Scars of Dracula: This was actually quite fun, Lee is still the best thing about these films.
Little Women (1994): A lovely but at the same time stiff adaptation. The production design, score, cinematography and costumes are beautiful for sure but it doesn't feel fully vibrant. So the drama gets a bit too dry. I mean, Bale is top notch and his scene with Ryder is really good but overall this doesn't feel like the definitive Little Women film.
Marriage Story: Wonderful, everything is so on point in this. Baumbach is so in control and perfectly balances both the leads' point of views not to alienate the audience or root for one or the other. Driver and Johansson are terrific and it all feels very real and honest. One of the best films of 2019.
Dracula A.D. 1972: I mean, it's fun to see Cushing again and that they finally decided to change the setting... But other than that lol
The Satanic Rites of Dracula: Omfg it's a good thing this was Lee's last one because lol
Nosferatu Phantom der Nacht: I had seen the 1922 Nosferatu years ago and this was the perfect time to give Herzog's film a go. It's very close to the original Nosferatu of course and I mean, you can only move so far away from Stoker's source material (then again, the Hammer films did exactly that lol) but still. This film is so eerie, so weirdly atmospheric and ominous with beautiful locations and music.

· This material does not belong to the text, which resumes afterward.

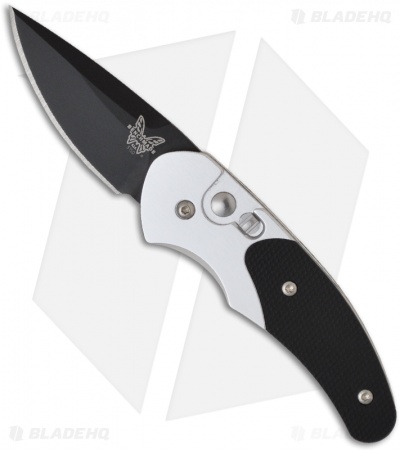 Benchmade 3150BK Lerch Impel Gentleman's Automatic Knife (1.98" Black Plain)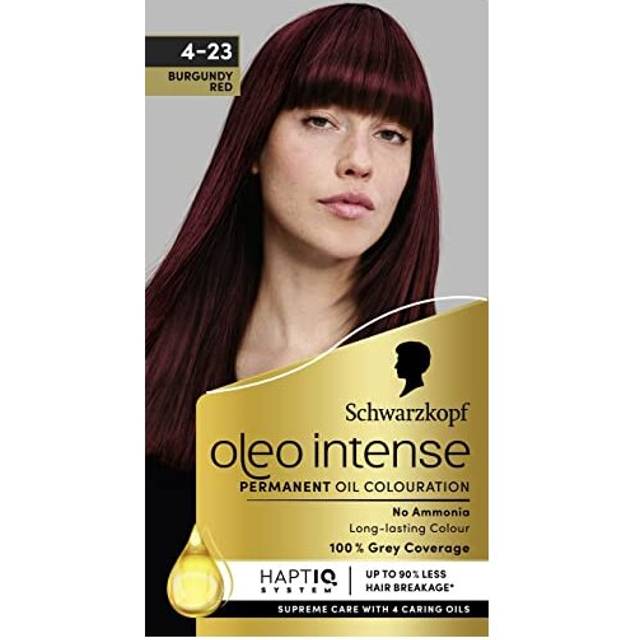Schwarzkopf Oleo Intense 4-23 Burgundy Red Permanent Hair Dye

Adjani is so incredibly beautiful and Kinski is pretty terrifying as Dracula. I loved that they shot in the Netherlands as well. And I really liked the ending.
Murder Mystery: lol I have to admit it was fun
Novecento: Well this was one way to start off the 2020 movie watching year lol. I watched the 5 hour 15 minute cut and it sure is a juggernaut.
De Niro and Depardieu carry this film most of all, they are great on their own but they also have wonderful chemistry. However, I think Bertolucci got a bit too caught up in wanting too much instead of having a real tight narrative, which should still be possible with such a long runtime. I mean sure, when it works like when De Niro and Depardieu are reminiscent of the past, the long runtime really works. But it often starts again and feels like a completely different film and story overall. So starting in 1945 was a good idea but that brings me to the worst aspect of the film: Sutherland and Betti's characters. I mean sure, they do unspeakable things but they end up being portrayed as caricatures instead of merely de-humanized people.
Not to forget, the amount of animal brutality in this film is staggering. I think in the end, Bertolucci could've made something powerful of this but the poor acting of many of the peasants undermine the story he wants to tell. I don't know if I'll ever watch the shorter cuts but I do think that there's a better film in here if they had cut it down a bit and rearranged the narrative.
Bram Stoker's Dracula: This still is the definitive adaptation of Bram Stoker's Dracula. It's such a beautiful film, from both a technical point of view as on a narrative point of view. There's not a single moment where the story drags, the opening prologue is a fantastic introduction and Coppola is in full control. The costumes are incredible, the sets haunting and the cinematography is stunning. I love that they used many miniatures and projections to tie travel scenes together. I also really love that they speak Romanian too and Oldman just aces the accent. Oldman's performance belongs to his finest work and the make-up is still incredibly convincing.
This film is so many things, it's haunting as it is sensual, erotic, romantic, adventurous, funny and touching. It's such a stunning achievement, one of my favourite films of all time.